In no way are these in order I can never choose one I like the most. I have hundred of favorite books but I spent the last couple of months deciding which I liked best and these were my top five. I didn't choose series or else The Harry Potter books would be here, I just chose single books.
The Great Gatsby by Scott Fitzgerald
The Great Gatsby begins in the 1920's, specifically the Jazz Age and our narrator, Nick Carraway moving to West Egg. He is neighbors with the wealthy and mysterious Jay Gatsby. Gatsby spends a good chunk of his money on lavish parties but all he really does is stand next to a window and stares at a green light, across the bay. Great Gatsby is a ninety year old classic, that is still popular and rightly so. It's one of the few love stories that is not formulaic. It is ripe with symbolic imagery. I loved the imagery, style, and the characters.
Fanrenheit 451 by Ray Bradbury
Story is about a world where books are illegal, houses are fireproof, firefighters job is not to put out fires, but to burn books. This book was frighteningly amazing. The predictions that Bradbury hit a little to close to our current world. At the same time, it made me feel defiant. The government will not be taking my books and they can burn me with them, if need be. Also gives a gentle reminder that the establishment is not always telling the truth.
Les Misèrables by Victor Hugo
It is common for people to think Les Misèrables happens during the French Revolution but it actually happens during the French Uprising which was after the French Recoltion. Our story begins with the main character, Jean Valjean who gets five years for stealing a piece of bread, the extra fourteen years he got because he tried to escape multiple times. His life changes when one person shows him kindness, he decides to spend the rest of his life making up for it. It would be a tragedy for a person with poetic mind to not read this book.

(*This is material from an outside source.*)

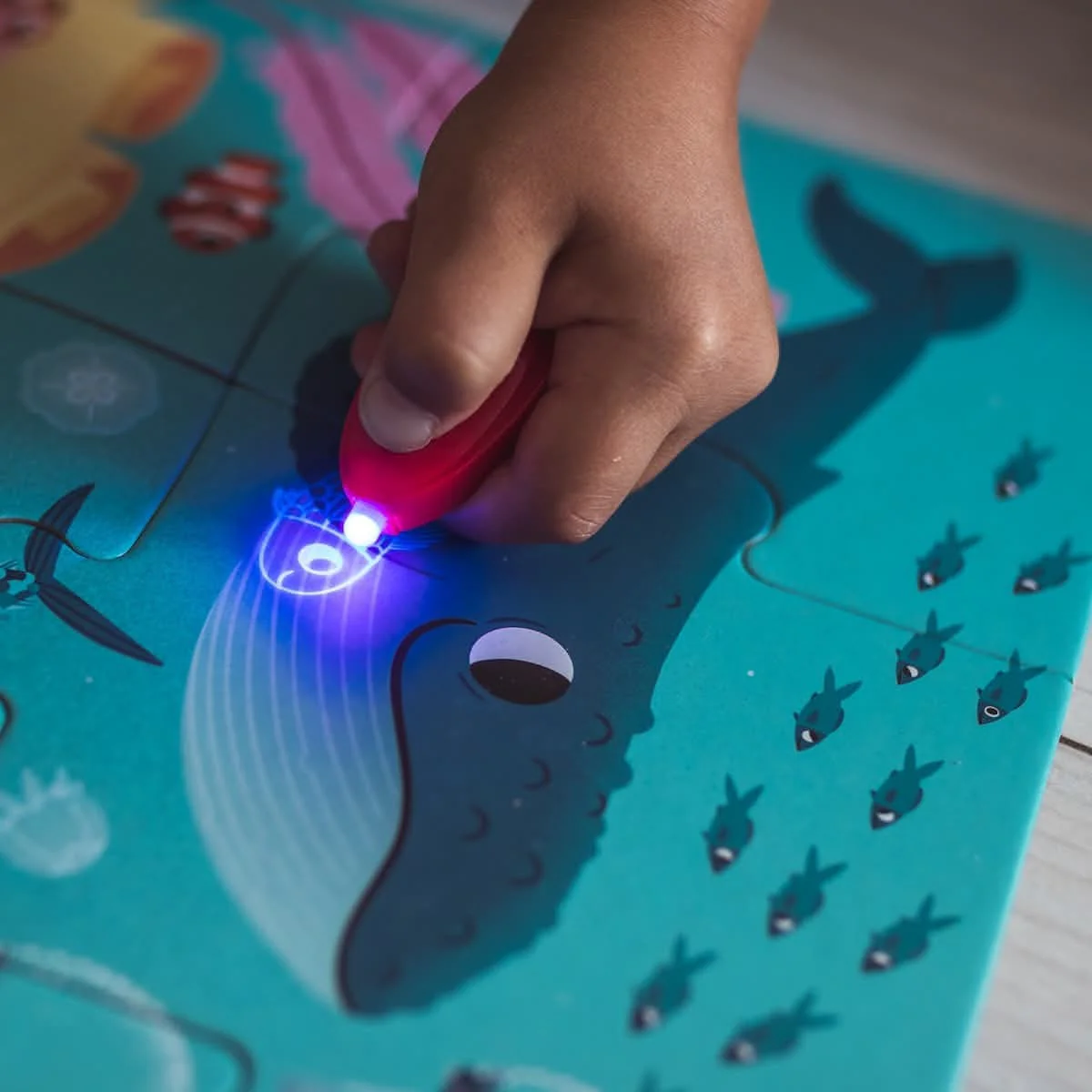 Puzzle lampe magique - L'océan (24 pcs) – Image 4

You will not forget this book in fact the 1463 pages felt short to me. The movie is almost as good as the book. Almost. My only complaints are that it annoys me that they cut parts of one of the characters personality, so that she seemed like a hero. When she was quite selfish. Plus the person who plays her in the movie is far too pretty compared to how she is described in the book. It also annoys me that they cut another characters personality so that she seemed naive and stupid when really she is smart and kind. Vive la France!
The Help by Kathryn Stockett
This book is about black maids in Jackson, Mississippi in the 60's. They form an alliance with a white magazine writer and tell her their stories working for an organization called, the help. I bought this book for a dollar at my library and went home and asked my book club on Facebook about their thoughts on the book and they told me to start on it immediately. So I did and I loved it. It made me laugh, cry, and everything in between. I truly believe this is a classic in the making. You can feel the desperation of the protagonists, the bitchiness of the antagonists is portrayed vividly. The movie is almost as good as the book. Almost though.
A Thousand Splendid Suns by Khaled Hosseini
This book is about two women, Mariam and Laila. The book follows them over the span of thirty years as the author accurately depicts what life is like for women in the Middle East. This author has the rare talent to make his characters feel a great amount of empathy, I cried four times. But I promise you it was amazing. I also loved how the author came up with original ways to describe something. That includes original similes and metaphors. The author paints a stark picture of how much harm radical religion and intolerance can cause.